Turkish President Recep Tayyip Erdoğan resorted to discriminatory language when criticizing the opposition Republican People’s Party (CHP) during a speech at the Union of International Democrats (UID) Women’s and Youth Committee, Turkish media reported.

“We are sorry to see that although the opposition has a Turkish identity, they are resorting to the methods of the infidel in attacking us [the government] under the guise of criticism,” he said. The word used by Erdoğan, “gavur,” which translates as infidel, is often employed as a religious and ethnic slur against non-Muslims and non-Turks. It also insinuates barbarity, and opposition politicians accused Erdoğan of hate speech by using the word.

During the speech Erdoğan accused Western politicians of fueling Islamophobia. “They [Europe] cannot accept Islam. They do not want to see how far Turkish migrants have come since the 1960s,” he said.

According to Erdoğan, Western politicians have been targeting Muslims and particularly him in an attempt to mask their own failures in their own domestic and foreign policies. He accused the Turkish opposition of being part of this “insidious plot” by voicing the opinions of Western politicians in its criticism of his government.

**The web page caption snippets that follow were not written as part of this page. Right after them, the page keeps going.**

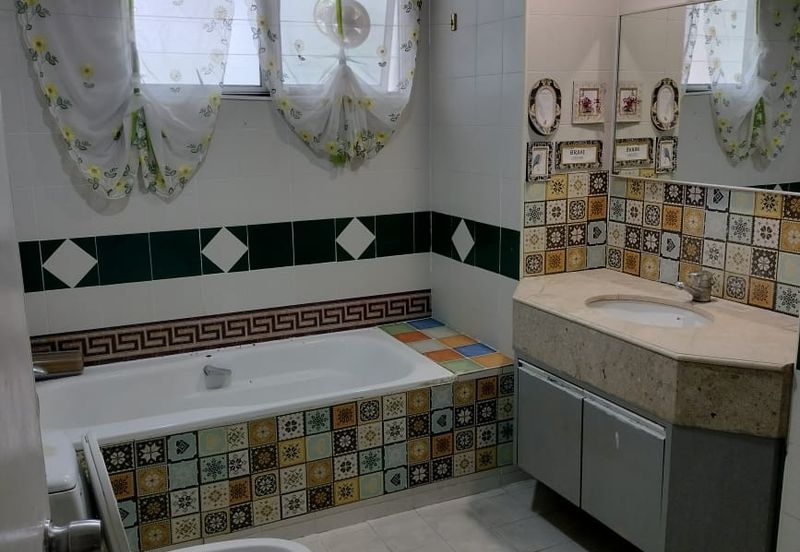 Bungaraya Kondominium, Saujana Subang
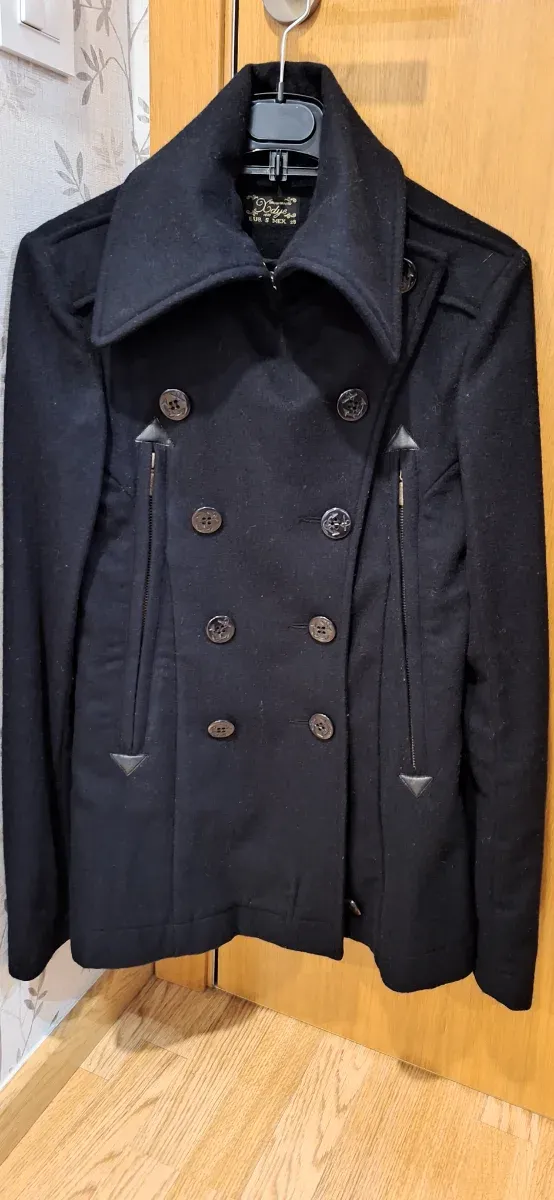 Abrigo  azul marino doble botonadura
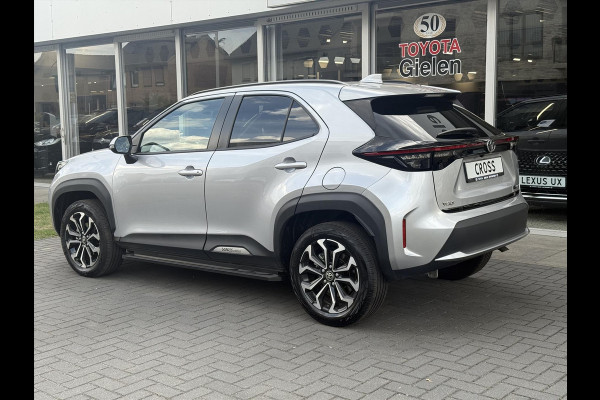 Toyota Yaris Cross 1.5 Hybrid First Edition | Facelift, Treeplanken, Groot scherm, Apple CarPlay/Android Auto, 17inch, Keyless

“The CHP has taken part in anti-Turkey campaigns by repeating lies and slanders,” he said.

Garo Paylan, a member of parliament of Armenian descent from Turkey’s pro-Kurdish Peoples’ Democratic Party (HDP), criticized Erdoğan on social media for using the word “gavur” (infidel), saying: “You use this hate expression knowing there are citizens who have been victims of hate crimes fed with the slur of ‘gavur’ for generations. Shame on you!”

Emphasizing that Erdoğan had engaged in hate speech, Paylan asked if Erdogan would apologize during his speech in parliament today. “As an Armenian who has been subjected to hate speech with the word gavur many times, I want it to be known that it is unacceptable for the president to use this word,” he said.

Hate speech has been on the rise in Turkey in the recent years. Christian minorities have especially been targeted in the media according to a report published by the Hrant Dink Foundation.